She picked it up and turned it over in her hands out of a sense of courtesy. The morning was ruined – she had planned to spend a good two hours searching all of her Yorkville shops for the crucial elements of the Lightenham boy’s room, while Hella worked at the house, supervising the last delivery of furnishings and accents, and beginning the final stage of setting tables and making beds. But after the ridiculous business with Gerald and
having to drive him to work, she had been left with time to visit only one of the stores, and so of course she chose her favourite. It was at Caughley Antiques, some years ago, that she had found the set of three stone bisque-headed dolls from Sweden, with their lovely, almost marbleized finish, that were such a popular addition to her young girl’s rooms. And it was Edward who had researched Russian samovars for her and found a wonderful silver one with bone handles from the late 1800s, which she often used as a focal point on the William iv mahogany side table (and was in fact having delivered today).
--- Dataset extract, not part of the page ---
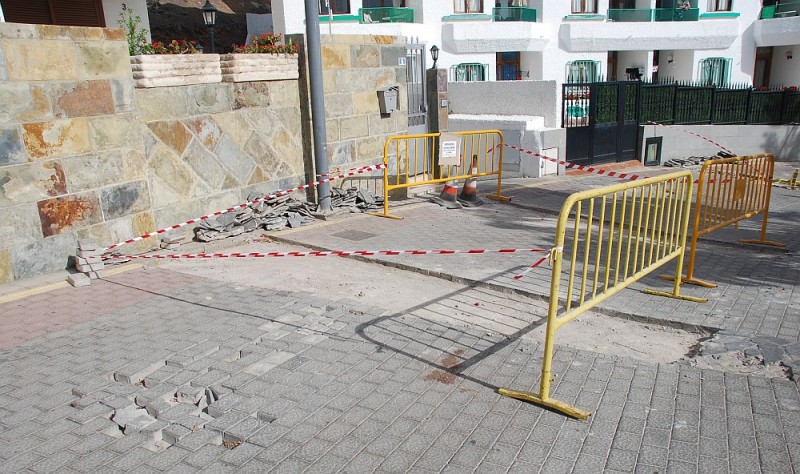 Mog�n acondiciona el adoquinado de la zona  tur�stica de Puerto Rico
Though he was a slightly tremulous man with long fingers and limp hair that was forever falling into his eyes, Edward Caughley was the dealer she most trusted. He was one of the few who seemed happy to pursue her tastes and not his own, and he was the only one to whom she had confided her method, an act of faith she had never once had cause to regret.

She handed him back the Distler car. “It’s charming, Edward. Really very sweet, but I don’t think so.”

“Too young?”

“Perhaps.” She scanned the table of toys. “I’m just not sure.”
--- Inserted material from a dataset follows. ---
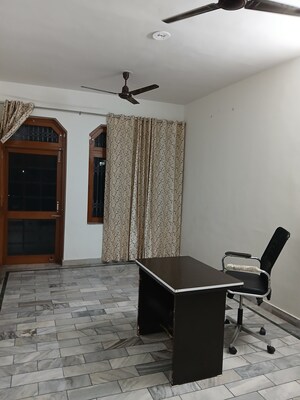 Living Room in 2 BHK Builder Floor at Sector 13 – for Rent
“That’s all right. It’s a bit expensive anyway.” He replaced the car amongst an array of shiny trains and tin money boxes. Then he clasped his fingers under his chin and gave her a probing look. “What can you tell me about this boy? What are his interests?”

She gave a weak little laugh. “I’m at a bit of a loss, actually.”

“Well, let’s start with his age. Middle school? Slightly older?” He was trying so hard, and she was failing him. “Frankly, Edward, I’m struggling with this one, I don’t quite know why.
But I guess I was hoping to find some inspiration here. It’s happened so often before.”

It was a small thing she could do for him, and he seemed delighted.

“You know,” he said, touching her arm, “I almost didn’t open the shop today – I had a bit of a headache this morning – but now I’m so happy I did. Do you know that no one has …” He stopped, with a far-off look, and waved the thought away. “Never mind. Of all the things to talk about.” He seemed to have an idea. “Victoria, would you like some tea? I have a pot steeping.”

I
n the back of the store, where the space was cluttered with old wooden filing cabinets, broken-limbed hat stands and dusty stacks of magazines, and where the ancient linoleum was chipped and worn away in a trough, exposing subflooring all the way to the rear door, Vicki sat on the edge of a bentwood chair and sipped too-strong tea from the cup that Edward had given her.

He rolled up a tippy wooden office chair that was missing one of its casters and slid into the low side. “I’ve been meaning to ask,” he said, “how’s Kyle? Have you heard from him lately?”

Vicki stared at Edward, not quite comprehending.

“He’s in Afghanistan, isn’t he? Among the dunes?”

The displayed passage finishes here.